- Born: 1943 New York City, New York, U.S.
- Died: October 26, 1996 (aged 52–53) West Redding, Connecticut, U.S.
- Education: Rhode Island School of Design
- Known for: Painting
- Spouses: ; Pedro Sánchez de Movellán ​ ​(m. 1964⁠–⁠1982)​ ; Bernard Wharton ​ ​(m. 1991⁠–⁠1996)​

= Elaine Anthony =

American mixed media painter

Elaine Anthony (1943–1996) was an American mixed media painter. She was best known for her Black Mesa Series inspired by a spiritual journey of healing undertaken after being diagnosed with breast cancer in 1987. Her work became a mode of expression and empowerment, combined with lifestyle changes, that led her on a redemptive journey toward wellness. Subsequent popular bodies of work created by Anthony include Warrior Marriage Feast Series, Warrior Icon and Spirit Icon.

== Biography ==
Anthony was born in New York City, New York in 1943, to Jack Murray Anthony, a cartoonist for The New Yorker. She and her identical twin sister, Carol Anthony were raised in Connecticut. Anthony attended Stephens College in Columbia, Missouri. She completed a Bachelor of Fine Arts degree from Rhode Island School of Design in 1996.
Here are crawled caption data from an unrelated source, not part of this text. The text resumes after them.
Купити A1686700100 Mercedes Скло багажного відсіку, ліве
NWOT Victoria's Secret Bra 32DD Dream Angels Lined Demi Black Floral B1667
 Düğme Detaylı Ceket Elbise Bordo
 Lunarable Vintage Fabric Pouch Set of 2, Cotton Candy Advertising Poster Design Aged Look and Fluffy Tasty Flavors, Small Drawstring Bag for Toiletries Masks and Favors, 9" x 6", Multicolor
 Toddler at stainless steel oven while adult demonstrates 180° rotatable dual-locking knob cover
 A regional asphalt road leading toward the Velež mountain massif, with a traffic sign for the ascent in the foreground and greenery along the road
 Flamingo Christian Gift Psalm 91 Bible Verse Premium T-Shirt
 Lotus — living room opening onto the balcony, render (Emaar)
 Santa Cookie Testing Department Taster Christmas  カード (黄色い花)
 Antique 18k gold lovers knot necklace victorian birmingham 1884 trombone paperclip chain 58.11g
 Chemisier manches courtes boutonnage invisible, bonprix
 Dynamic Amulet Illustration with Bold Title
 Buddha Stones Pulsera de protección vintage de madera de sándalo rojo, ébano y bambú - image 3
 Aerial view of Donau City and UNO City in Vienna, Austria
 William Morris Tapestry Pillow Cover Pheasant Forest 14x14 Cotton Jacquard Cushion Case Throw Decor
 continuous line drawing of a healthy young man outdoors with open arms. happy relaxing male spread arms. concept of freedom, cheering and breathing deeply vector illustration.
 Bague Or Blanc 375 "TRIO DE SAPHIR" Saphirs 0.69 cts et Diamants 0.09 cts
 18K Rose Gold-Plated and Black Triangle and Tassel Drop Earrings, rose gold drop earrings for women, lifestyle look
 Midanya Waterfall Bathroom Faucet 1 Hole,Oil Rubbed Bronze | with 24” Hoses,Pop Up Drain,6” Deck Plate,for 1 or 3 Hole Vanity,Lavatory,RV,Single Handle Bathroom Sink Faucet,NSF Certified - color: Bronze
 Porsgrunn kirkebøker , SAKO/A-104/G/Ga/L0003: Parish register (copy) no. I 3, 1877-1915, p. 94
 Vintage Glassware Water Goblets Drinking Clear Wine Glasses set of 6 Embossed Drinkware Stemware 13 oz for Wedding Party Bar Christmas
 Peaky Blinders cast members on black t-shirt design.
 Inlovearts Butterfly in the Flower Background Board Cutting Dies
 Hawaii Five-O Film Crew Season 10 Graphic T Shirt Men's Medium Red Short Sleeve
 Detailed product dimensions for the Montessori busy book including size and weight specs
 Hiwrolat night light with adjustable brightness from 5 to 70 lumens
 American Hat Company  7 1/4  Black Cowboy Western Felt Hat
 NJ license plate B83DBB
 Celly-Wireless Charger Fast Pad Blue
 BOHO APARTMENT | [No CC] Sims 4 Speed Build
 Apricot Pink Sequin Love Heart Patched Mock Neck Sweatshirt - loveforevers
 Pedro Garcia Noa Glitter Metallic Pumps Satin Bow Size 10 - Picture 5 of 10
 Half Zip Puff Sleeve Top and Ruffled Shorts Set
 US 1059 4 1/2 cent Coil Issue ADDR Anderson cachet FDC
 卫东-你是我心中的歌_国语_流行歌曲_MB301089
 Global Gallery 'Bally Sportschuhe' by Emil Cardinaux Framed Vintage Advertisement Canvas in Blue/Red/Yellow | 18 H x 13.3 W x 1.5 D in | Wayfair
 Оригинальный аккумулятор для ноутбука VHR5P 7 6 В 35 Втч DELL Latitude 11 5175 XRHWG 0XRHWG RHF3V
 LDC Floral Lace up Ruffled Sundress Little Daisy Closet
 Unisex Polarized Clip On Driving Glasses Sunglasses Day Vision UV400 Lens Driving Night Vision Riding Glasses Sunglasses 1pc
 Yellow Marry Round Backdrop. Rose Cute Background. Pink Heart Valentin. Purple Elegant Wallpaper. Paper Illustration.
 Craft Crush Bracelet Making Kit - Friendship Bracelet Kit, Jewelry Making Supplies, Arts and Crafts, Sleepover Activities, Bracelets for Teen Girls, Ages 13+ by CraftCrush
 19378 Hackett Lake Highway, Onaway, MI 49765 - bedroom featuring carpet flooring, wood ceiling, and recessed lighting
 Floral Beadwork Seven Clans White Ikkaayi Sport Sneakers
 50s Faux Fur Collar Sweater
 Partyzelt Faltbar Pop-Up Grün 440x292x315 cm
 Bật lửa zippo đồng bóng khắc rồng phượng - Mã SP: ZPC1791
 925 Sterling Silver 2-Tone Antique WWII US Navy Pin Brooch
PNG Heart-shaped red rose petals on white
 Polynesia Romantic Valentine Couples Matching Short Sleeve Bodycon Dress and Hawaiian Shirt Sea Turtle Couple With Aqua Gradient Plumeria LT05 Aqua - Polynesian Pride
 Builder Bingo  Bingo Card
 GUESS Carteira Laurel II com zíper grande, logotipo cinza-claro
In 1991, she received an award from the Pollock-Krasner Foundation. Her work was the subject of a retrospective in 1996, at the Neuberger Museum of Art in Purchase, New York.

In 1964, she married a Spanish architect, Pedro Sánchez de Movellán. She had lived in Mexico City for 20 years, her husband Sánchez de Movellán worked for the firm of Luis Barragan. In 1982, the marriage ended in divorce.

In 1991, Anthony married Bernard Wharton. Elaine Anthony died on October 29, 1996, in her home in West Redding, Connecticut, at the age of 53.